Work & Travel ist der Auslandsaufenthalt mit den meisten Freiheiten. Für viele Reiselustige gehört daher auch ein eigenes Fahrzeug zu dem Trip dazu. Schließlich kann man damit so unabhängig und frei wie möglich dieses riesige, atemberaubende Land bereisen. Gerade spektakuläre Strecken wie die Great Ocean Road, die mit Sehenswürdigkeiten vollgestopfte Ostküste oder das berühmte australische Outback wollen viele Australienreisende im eigenen Fahrzeug erleben. Doch was muss man beim Autofahren in Down Under alles beachten? In Teil eins erfährst du mehr über das Fahren generell (Entfernungen, Fahren im Outback etc.), während du in Teil zwei aufgeklärt wirst über die Frage: Wie sind die Verkehrsregeln und was passiert, wenn ich gegen diese verstoße? Ist der internationale Führerschein Pflicht?
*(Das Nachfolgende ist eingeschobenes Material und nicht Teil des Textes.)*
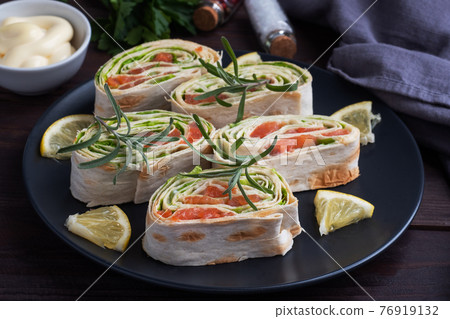 Rolls of thin pita bread and red salted salmon with lettuce leaves on a black ceramic plate, dark wooden background. 76919132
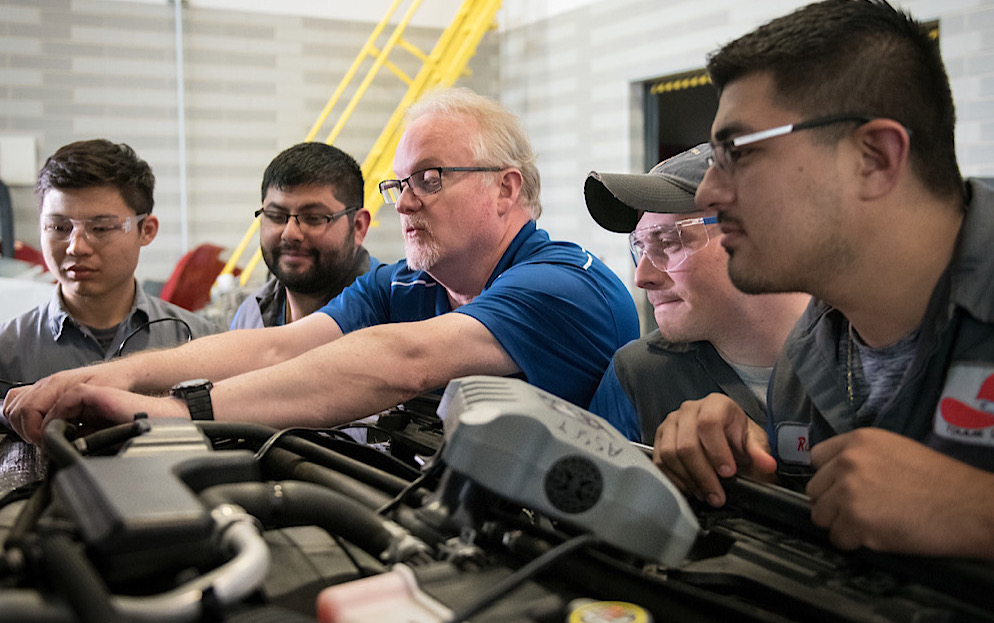 professor and students looking at engine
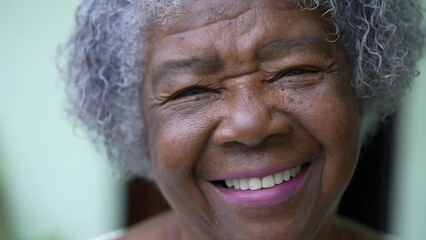 Portrait of a happy senior African woman face smiling at camera - Powered by Adobe
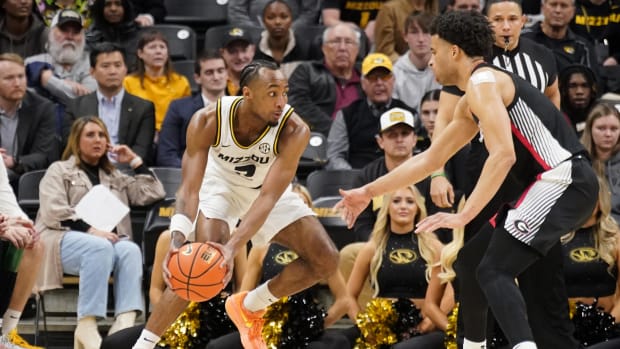 Jan 6, 2024; Columbia, Missouri, USA; Missouri Tigers guard Tamar Bates (2) dribbles the ball as Georgia Bulldogs guard Jabri Abdur-Rahim (1) defends during the second half at Mizzou Arena. 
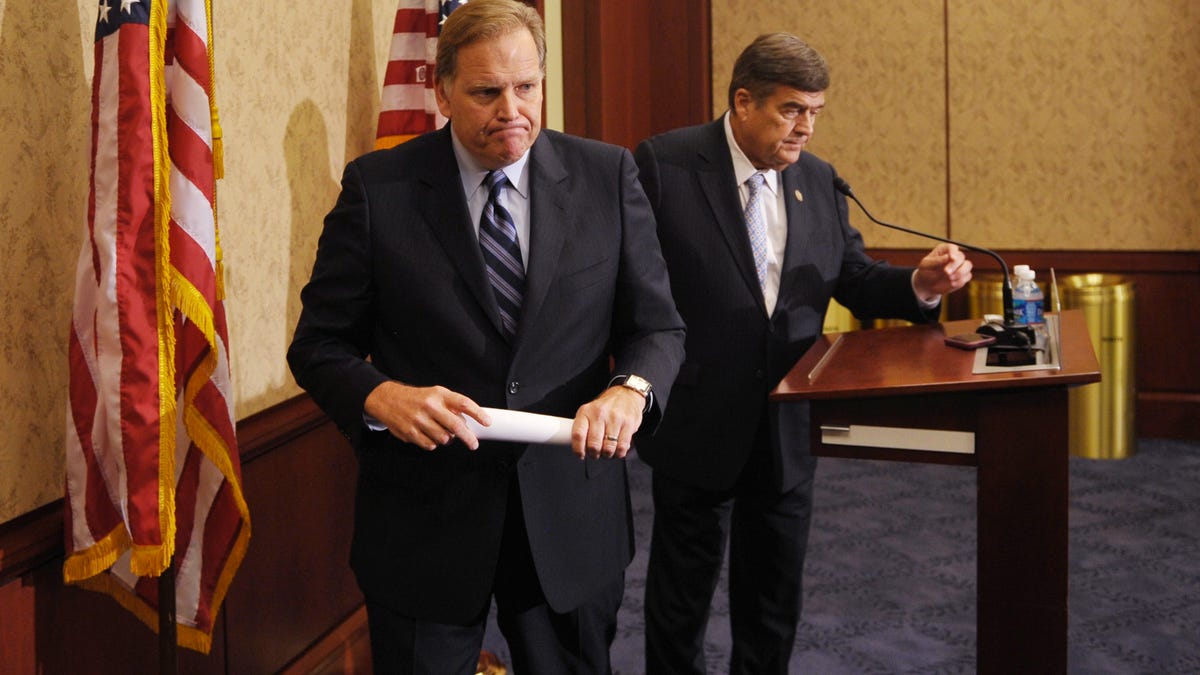 House Intelligence chairman Mike Rogers, CISPA's author (left), says allowing U.S. companies to share types of data with the National Security Agency will allow them to fend off "cyber looters."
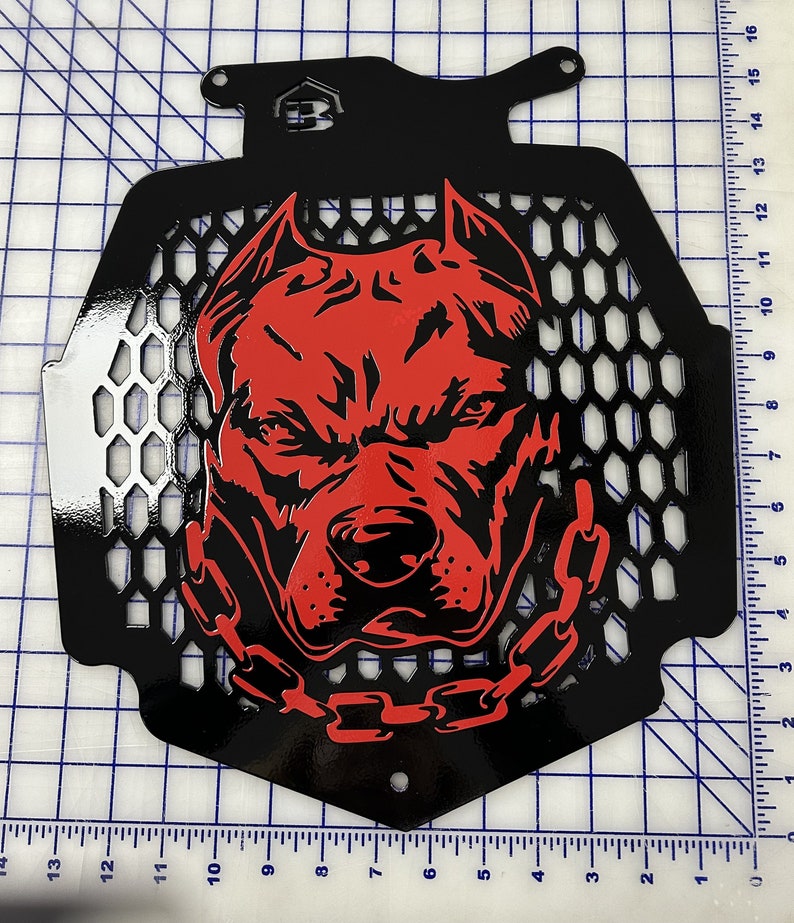 K&ouml;nnte beinhalten: Schwarzer Metallgrill mit einem roten Pitbull-Hundegesichtsdesign. Der Grill hat ein Wabenmuster und eine Kette um den Hals des Hundes.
Auto fahren in Australien: Was du beachten musst, damit du sicher ans Ziel kommst.

Themen dieser Seite:

 

E-Mail-Tutorial: Tipps und Tricks für den Autokauf beim Work & Travel

Straßen- und Wetterbedingungen

Das Straßennetz ist in dem äußerst dünnbesiedelten Land erstaunlich gut ausgebaut. Allerdings handelt es sich bei mehr als der Hälfte der Straßen um unbefestigte Wege ohne Asphalt, sogenannte „dirt roads“. Es werden zwar Stück für Stück immer mehr Sandpisten in Asphaltstraßen verwandelt, aber gerade im Outback ist dieser Straßentyp noch immer vorherrschend. Die unbefestigten Straßen sollte man nicht unbedingt mit normalen Autos befahren, da diese dadurch schnell beschädigt werden können. Bei besonders schlechten Straßenbedingungen kann man sich auch festfahren, sodass man gar nicht mehr vorankommt. Für solche Strecken benötigst du daher einen Geländewagen mit Allradantrieb. Extreme Wetterbedingungen, die das Fahren in Australien erschweren und mitunter auch vollständig verhindern können, gibt es vor allem im Outback, im tropischen Norden während der Regenzeit sowie in einigen von Buschbränden bedrohten Regionen. In den betroffenen Gebieten sollte man sich daher stets über die aktuellen Wetter- und Straßenbedingungen informieren, zum Beispiel über das Radio oder im Netz. 

Entfernungen

Dass Australien um einiges größer ist als Deutschland, ist den meisten Work & Travellern zwar bewusst, trotzdem unterschätzen sie die realen Ausmaße der Entfernungen immer wieder. Nicht nur, dass die Distanzen generell viel größer sind als bei uns, man braucht auch aufgrund der Straßenverhältnisse und Tempolimits viel länger für eine bestimmte Kilometerzahl. Deshalb sollte man immer versuchen, die reale Fahrzeit für eine bestimmte Strecke in Erfahrung zu bringen und dann realistische Streckenabschnitte einplanen. Meist ist das Reisen ohnehin viel angenehmer, wenn man unterwegs mehrere Pausen macht. So siehst du auch viel mehr vom Land und hast unterwegs die Möglichkeit, an besonders schönen Orten auch mehr länger zu halten und außergewöhnliche Fotos zu schießen. Vor allem die Ostküste ist recht kurvig und hat außerdem so viel fürs Auge zu bieten, dass man auf dieser Strecke sehr viel länger braucht als eigentlich gedacht. Klar ist: Wer sehr lange Strecken am Stück allein fährt, geht ein hohes Unfallrisiko in Australien ein. Am besten sollte man Leute dabei haben, mit denen man sich unterwegs beim Fahren abwechseln kann.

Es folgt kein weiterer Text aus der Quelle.